- [Exercise input]
══════════════════════════════
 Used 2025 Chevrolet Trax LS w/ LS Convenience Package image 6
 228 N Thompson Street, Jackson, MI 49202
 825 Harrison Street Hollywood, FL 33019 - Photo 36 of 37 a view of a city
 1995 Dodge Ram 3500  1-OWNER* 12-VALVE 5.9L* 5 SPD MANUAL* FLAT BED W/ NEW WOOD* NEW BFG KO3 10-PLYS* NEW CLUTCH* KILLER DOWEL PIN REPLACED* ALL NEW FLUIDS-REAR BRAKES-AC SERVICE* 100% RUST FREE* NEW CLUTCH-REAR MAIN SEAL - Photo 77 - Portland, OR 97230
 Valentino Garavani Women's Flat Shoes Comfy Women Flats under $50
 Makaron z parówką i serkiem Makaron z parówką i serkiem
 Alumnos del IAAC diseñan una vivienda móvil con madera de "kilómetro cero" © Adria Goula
══════════════════════════════
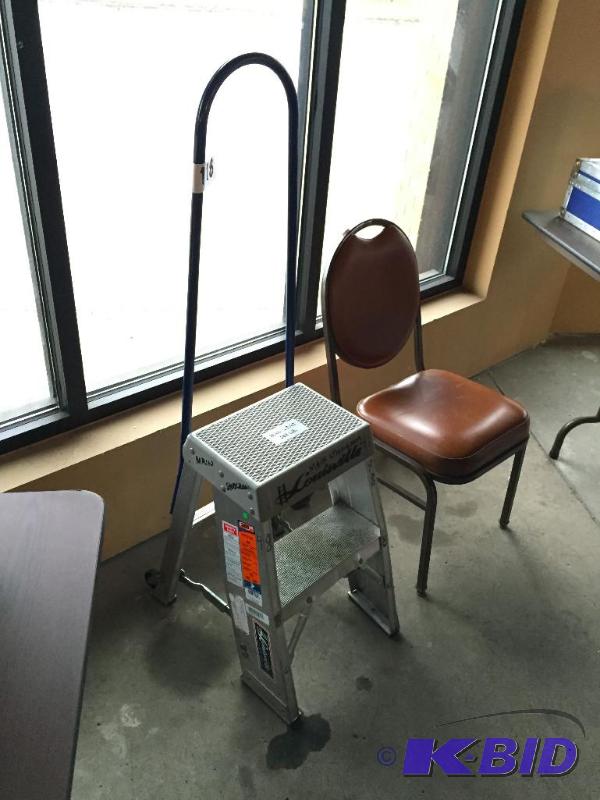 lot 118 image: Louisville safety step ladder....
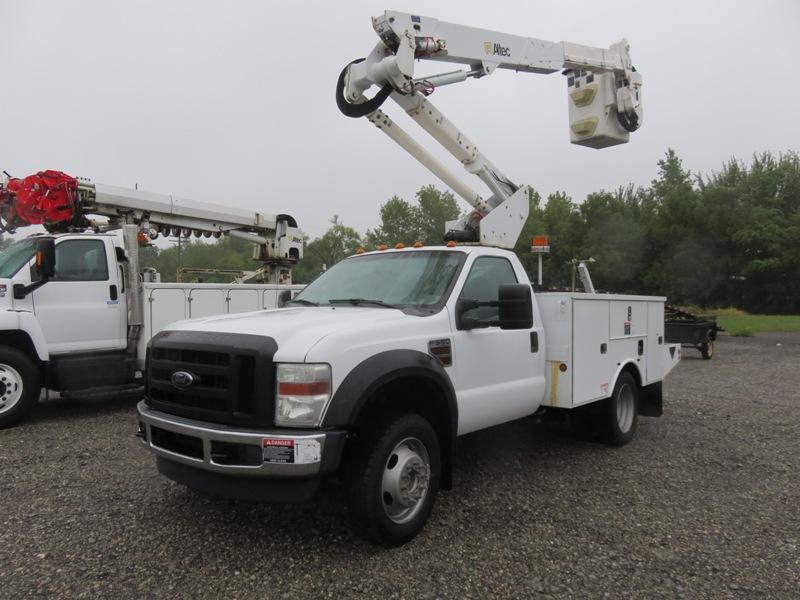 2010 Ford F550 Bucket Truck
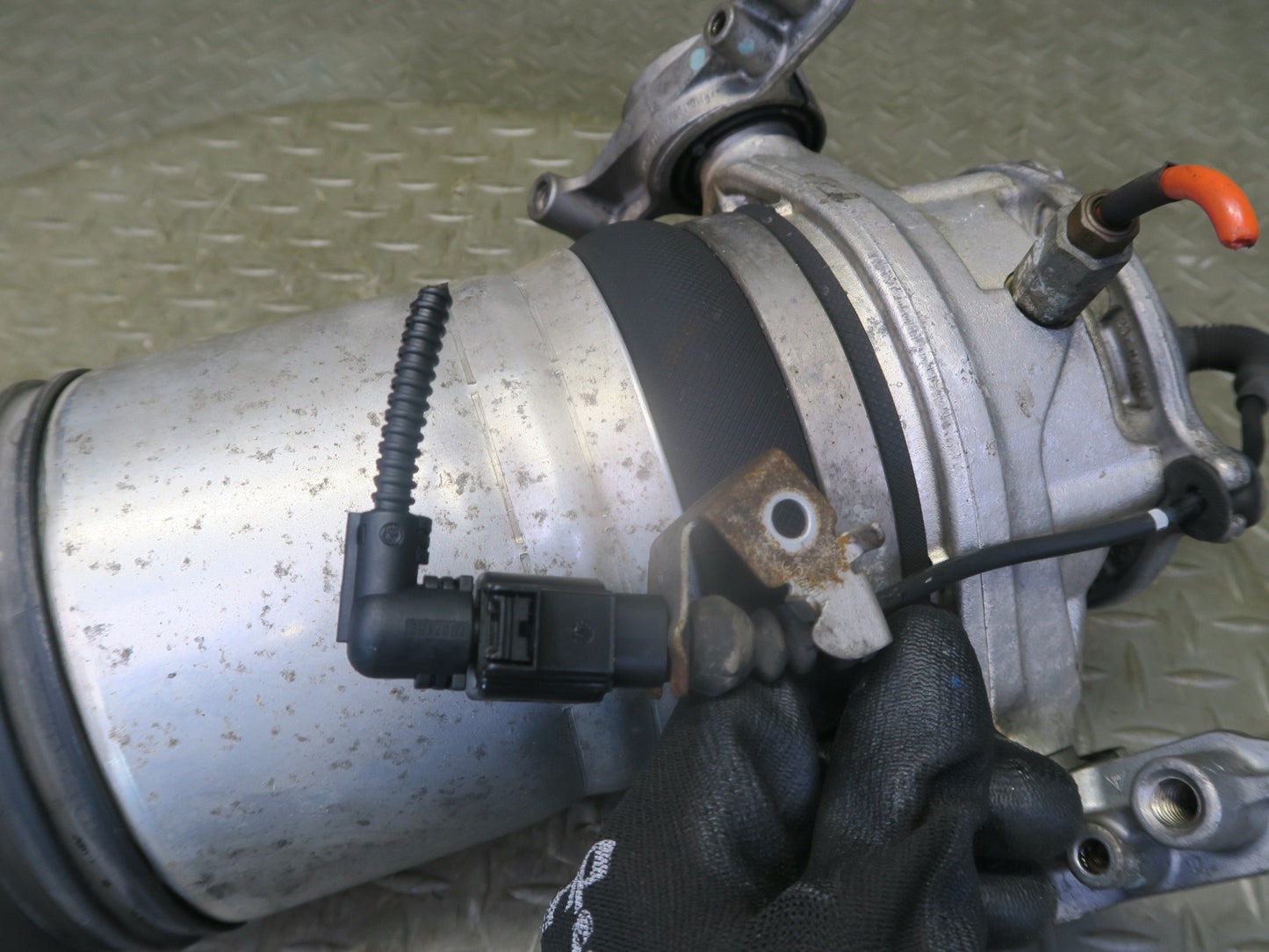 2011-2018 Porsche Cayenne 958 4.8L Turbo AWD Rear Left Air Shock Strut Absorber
══════════════════════════════
- [Exercise aim]
Copy nothing but the lines above that run from the one with "lot 118 image: Louisville" to the one with "2011-2018 Porsche Cayenne", ends included; pictures stay out.

- [Exercise answer]
 lot 118 image: Louisville safety step ladder....
 2010 Ford F550 Bucket Truck
 2011-2018 Porsche Cayenne 958 4.8L Turbo AWD Rear Left Air Shock Strut Absorber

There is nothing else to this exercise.